Health care, which is in the news right now — there’s a reason why there’s a little bit of confusion in the Republican primary about health care and the individual mandate since it originated as a conservative idea to preserve the private marketplace in health care while still assuring that everybody got covered, in contrast to a single-payer plan. Now, suddenly, this is some socialist overreach.

So as all of you are doing your reporting, I think it’s important to remember that the positions I’m taking now on the budget and a host of other issues, if we had been having this discussion 20 years ago, or even 15 years ago, would have been considered squarely centrist positions. What’s changed is the center of the Republican Party. And that’s certainly true with the budget. [emphasis mine]

As usual, he doesn’t mention a single-payer solution.  As a means of distancing himself from the far-right contingent, maybe he could have squeaked that in here just by way of demonstrating how oh-so-very centrist-right he is by comparison?

Let’s not lose sight of some broader context here.

This is the same President Obama that signed the 2012 National Defense Authorization Act into law, a law so odious in its civil rights implications that he issued a signing statement indicating that his administration wouldn’t roll around in the worst of the offal included.  Just don’t look at his non-signing hand.  It was pointing at some future successor that might.

This is the same President Obama that not only denies U.S. citizens due process in the courts, since, after all, due process doesn’t have to be from the courts as long as it comes from him and his lunch buddies, but also has them assassinated.

This is the same President Obama that started out his term by surrounding himself with Wall Street insiders and then presided over massive Wall Street giveaways while singing plaintive little reassuring tunes to the middle class while Wall Street gets to party at a four-year long bacchanalian rave.

And let us not forget, this is the same President Obama who had this to say on the subject of prosecuting previous administration officials in regard to the use of torture (and presumably a host of other war crimes):

This is a time for reflection, not retribution. I respect the strong views and emotions that these issues evoke. We have been through a dark and painful chapter in our history. But at a time of great challenges and disturbing disunity, nothing will be gained by spending our time and energy laying blame for the past. Our national greatness is embedded in America’s ability to right its course in concert with our core values, and to move forward with confidence. That is why we must resist the forces that divide us, and instead come together on behalf of our common future.

The United States is a nation of laws. My Administration will always act in accordance with those laws, and with an unshakeable commitment to our ideals. 

This is the same President Obama that still can’t quite bring himself to release other memos, ones that, with their requisite torture of language and logic, would fully satisfy his Democratic base as to why he and his buddies, and not the courts, get to decide who gets to live and who gets to die.

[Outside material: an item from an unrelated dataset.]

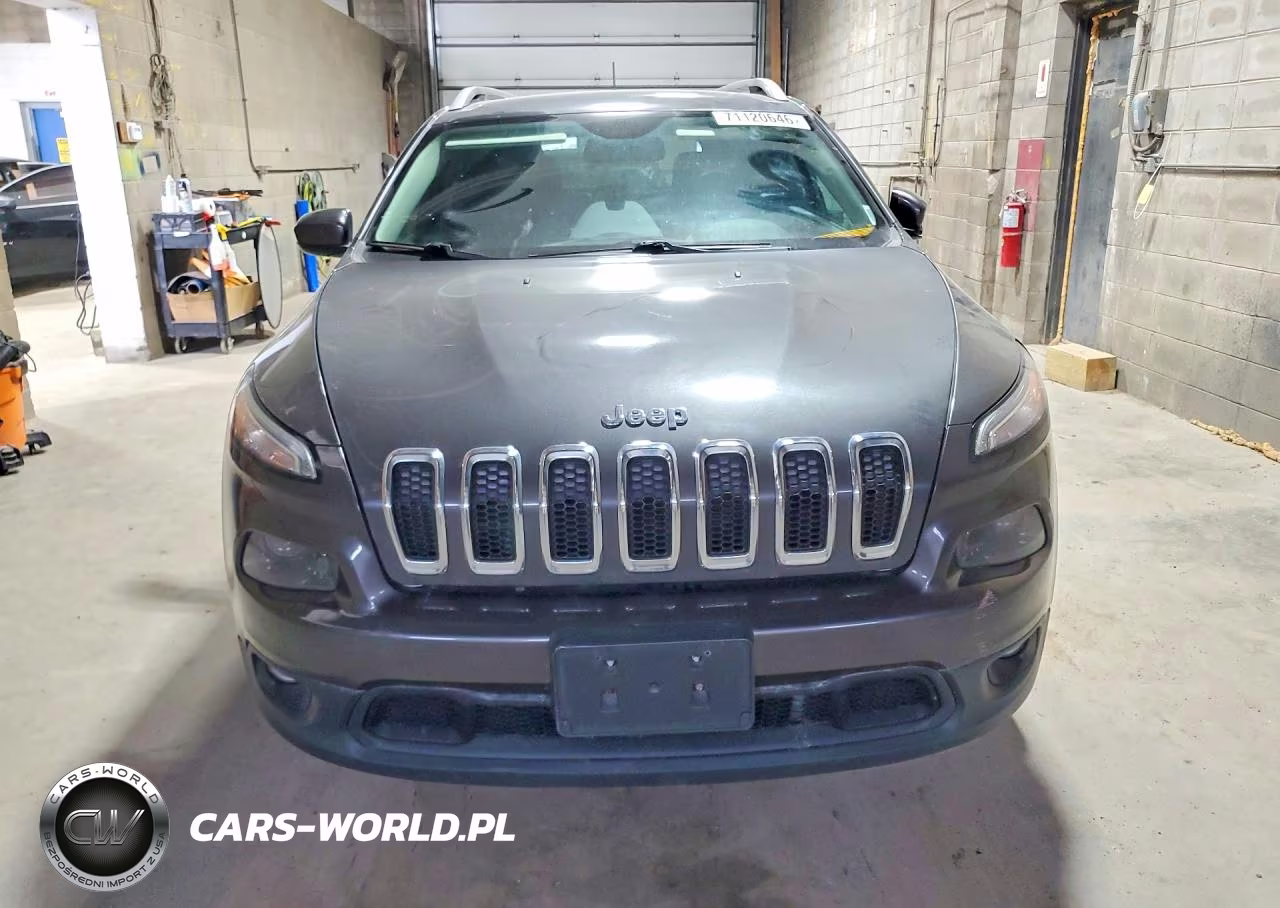 2016 Jeep Cherokee Latitude VIN:1C4PJLCB0GW127476 - 5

Just what other investigations and prosecutions won’t this president of a nation of laws pursue in the interest of justice?  Oh, just the launch of a war predicated on the lies of one man.

In the face of all that, I can come up with only two reasons to vote a second term for the Romney We Know:

1.  Sonia Sotomayor
2.  Elena Kagan

I dread to think what the Romney We Don’t Know would do to the Supreme Court.  As for me, I have the luxury of living in a state with so few electoral votes as to  not matter.  I’m either writing myself in, maybe voting for Cthulhu or Dr. Who or Spider-Man, or just going to work that day, uncomfortable in my general irrelevance.  For you in the states that matter, especially the swing states, all I can say is vote for the devil you think you know. And start thinking now about what you want your government to look like in two years and in 2016.  We need to start grooming candidates that actually reflect the American values of truth and justice.